## Your goal:
Produce the full set of records below once more, exactly as they stand.

Data records below:

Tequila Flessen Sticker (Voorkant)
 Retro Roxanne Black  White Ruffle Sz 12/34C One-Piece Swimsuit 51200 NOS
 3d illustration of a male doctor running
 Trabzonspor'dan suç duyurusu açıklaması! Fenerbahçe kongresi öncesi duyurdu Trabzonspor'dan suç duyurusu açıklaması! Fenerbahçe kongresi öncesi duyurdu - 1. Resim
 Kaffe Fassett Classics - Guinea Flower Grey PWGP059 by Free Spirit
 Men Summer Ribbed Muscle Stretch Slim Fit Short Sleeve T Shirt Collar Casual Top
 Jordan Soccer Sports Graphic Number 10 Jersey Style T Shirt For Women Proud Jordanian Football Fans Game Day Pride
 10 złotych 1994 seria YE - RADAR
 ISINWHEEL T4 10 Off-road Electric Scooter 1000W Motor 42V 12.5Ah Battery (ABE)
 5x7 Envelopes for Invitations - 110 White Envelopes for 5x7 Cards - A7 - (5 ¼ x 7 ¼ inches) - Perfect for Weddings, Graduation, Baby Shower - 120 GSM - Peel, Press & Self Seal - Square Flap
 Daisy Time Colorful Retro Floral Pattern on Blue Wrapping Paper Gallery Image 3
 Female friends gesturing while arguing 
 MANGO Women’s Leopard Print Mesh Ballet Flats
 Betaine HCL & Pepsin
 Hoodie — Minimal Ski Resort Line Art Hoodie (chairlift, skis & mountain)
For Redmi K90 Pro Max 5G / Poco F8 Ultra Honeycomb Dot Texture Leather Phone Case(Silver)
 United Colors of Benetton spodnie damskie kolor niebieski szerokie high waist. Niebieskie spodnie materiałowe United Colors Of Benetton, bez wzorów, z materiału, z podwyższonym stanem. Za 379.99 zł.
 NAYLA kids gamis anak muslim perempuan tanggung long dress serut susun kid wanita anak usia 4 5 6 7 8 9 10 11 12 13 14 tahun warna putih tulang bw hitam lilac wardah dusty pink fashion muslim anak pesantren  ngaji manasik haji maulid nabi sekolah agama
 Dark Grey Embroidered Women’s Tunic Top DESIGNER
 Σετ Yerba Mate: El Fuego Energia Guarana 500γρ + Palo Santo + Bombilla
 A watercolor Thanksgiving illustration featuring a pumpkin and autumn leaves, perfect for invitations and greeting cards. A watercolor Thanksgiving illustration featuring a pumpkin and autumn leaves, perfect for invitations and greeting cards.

End of Data records.

## Your response:
Tequila Flessen Sticker (Voorkant)
 Retro Roxanne Black  White Ruffle Sz 12/34C One-Piece Swimsuit 51200 NOS
 3d illustration of a male doctor running
 Trabzonspor'dan suç duyurusu açıklaması! Fenerbahçe kongresi öncesi duyurdu Trabzonspor'dan suç duyurusu açıklaması! Fenerbahçe kongresi öncesi duyurdu - 1. Resim
 Kaffe Fassett Classics - Guinea Flower Grey PWGP059 by Free Spirit
 Men Summer Ribbed Muscle Stretch Slim Fit Short Sleeve T Shirt Collar Casual Top
 Jordan Soccer Sports Graphic Number 10 Jersey Style T Shirt For Women Proud Jordanian Football Fans Game Day Pride
 10 złotych 1994 seria YE - RADAR
 ISINWHEEL T4 10 Off-road Electric Scooter 1000W Motor 42V 12.5Ah Battery (ABE)
 5x7 Envelopes for Invitations - 110 White Envelopes for 5x7 Cards - A7 - (5 ¼ x 7 ¼ inches) - Perfect for Weddings, Graduation, Baby Shower - 120 GSM - Peel, Press & Self Seal - Square Flap
 Daisy Time Colorful Retro Floral Pattern on Blue Wrapping Paper Gallery Image 3
 Female friends gesturing while arguing 
 MANGO Women’s Leopard Print Mesh Ballet Flats
 Betaine HCL & Pepsin
 Hoodie — Minimal Ski Resort Line Art Hoodie (chairlift, skis & mountain)
For Redmi K90 Pro Max 5G / Poco F8 Ultra Honeycomb Dot Texture Leather Phone Case(Silver)
 United Colors of Benetton spodnie damskie kolor niebieski szerokie high waist. Niebieskie spodnie materiałowe United Colors Of Benetton, bez wzorów, z materiału, z podwyższonym stanem. Za 379.99 zł.
 NAYLA kids gamis anak muslim perempuan tanggung long dress serut susun kid wanita anak usia 4 5 6 7 8 9 10 11 12 13 14 tahun warna putih tulang bw hitam lilac wardah dusty pink fashion muslim anak pesantren  ngaji manasik haji maulid nabi sekolah agama
 Dark Grey Embroidered Women’s Tunic Top DESIGNER
 Σετ Yerba Mate: El Fuego Energia Guarana 500γρ + Palo Santo + Bombilla
 A watercolor Thanksgiving illustration featuring a pumpkin and autumn leaves, perfect for invitations and greeting cards. A watercolor Thanksgiving illustration featuring a pumpkin and autumn leaves, perfect for invitations and greeting cards.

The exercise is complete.